Board President Pablo Lujan said he sees this low rate as an opportunity for improvement.
“We have a 55 percent graduation rate when the national average is 80 percent,” he said. “We can’t tolerate that. But one thing is, we’re excited we’re in the bottom, because when you’re in the bottom, the only way you can go is to the top.”
Lujan said improving resources for high school students is important because they are “our immediate future.” He asked whether Española Valley High School counselors are required to share information on academic assessment tests, such as pre-SAT and ACT tests, with students.
High school Principal Elizabeth Lucero said counselors do so.
With the impending end of this school year, counselors have been looking at scholarship and college admission testing information, since January, that students might need.
Lucero said counselors are doing sufficient work to help high school students.
“We have a program that allows us to audit the school’s counseling program and counselors do know that,” she said. “That’s a tool that the state Public Education Department has and it’s a very comprehensive plan.”
The high school currently has three counselors to accommodate all high school students. The number is appropriate to the state mandated ratio of one counselor per 500 students, Lucero said.
To accommodate all students efficiently, counselors are required to keep close track of their schedule. Lucero said they usually spend the most time checking up on students individually.
“That means they should have a calendar for the month, for the week, as scheduled, by their office,” she said. “The counselors spend 75 percent of their time for individual counseling statewide. That’s bridging the huge gap.”
But she said at the high school, counselors have been switching to more team-oriented counseling to divert focus from individual students and inform small groups.
She said counselors organize parent conferences whenever there are upcoming academic assessment tests, in an effort to increase parent involvement. They try to schedule conferences based on parents’ availability.

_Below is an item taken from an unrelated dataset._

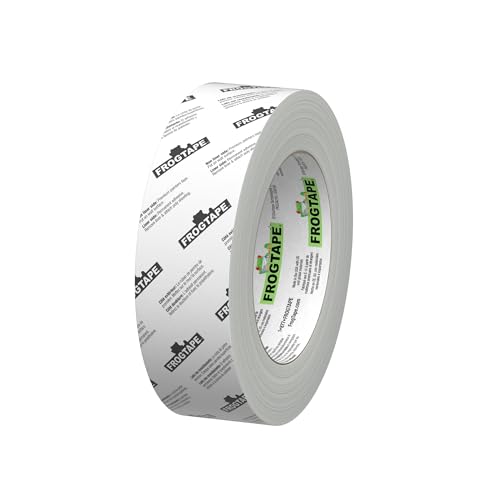 FrogTape DS 154 Premium Grade, Double-Sided Poly-Hanging Containment Tape, Sticks to Plastic Sheets, for Remodeling and Remediation, 36mm x 25yds, Natural, 1 Roll (243049)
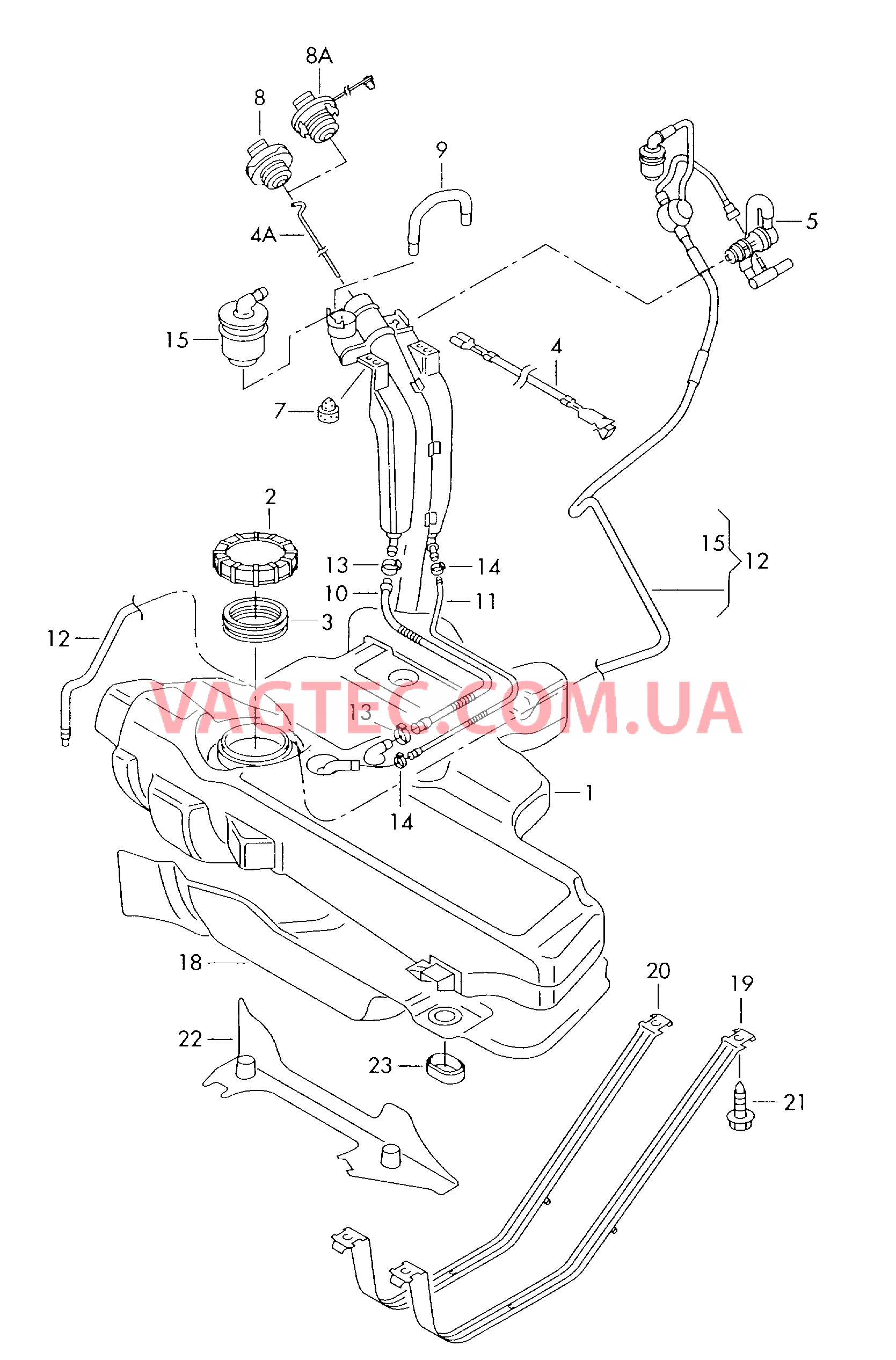 Бак, топливный  для VOLKSWAGEN Bora 2001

“Counselors open it up to parents to come,” she said. “As counselors, they need to be available for parents’ time.”
At the meeting, Lujan tasked Lucero with formulating a five-year strategic plan to improve student resources, including counseling, to address the low graduation rate.
Board Vice President Lucas Fresquez said the principal should take into consideration the fact that there’s not a lot of parent involvement in the schools.
“When you have a model, you’re supposed to make it as specific to the dynamics of the community,” he said. “We do not have the kind of parent involvement that other school districts have. There’s going to have to be some flexibility on how we can make this a reality.”
According to data published by Las Cumbres Community Services Inc., 60 percent of Rio Arriba County children younger than six years old, are cared for by their grandparents.
Lucero said despite the dynamic nature of educational resources, she plans to address the Board’s concerns as best she can.
“The duties of a counselor have changed,” she said. “Education is an ever-evolving system and things have really changed all the way around. Your concerns are my concerns.”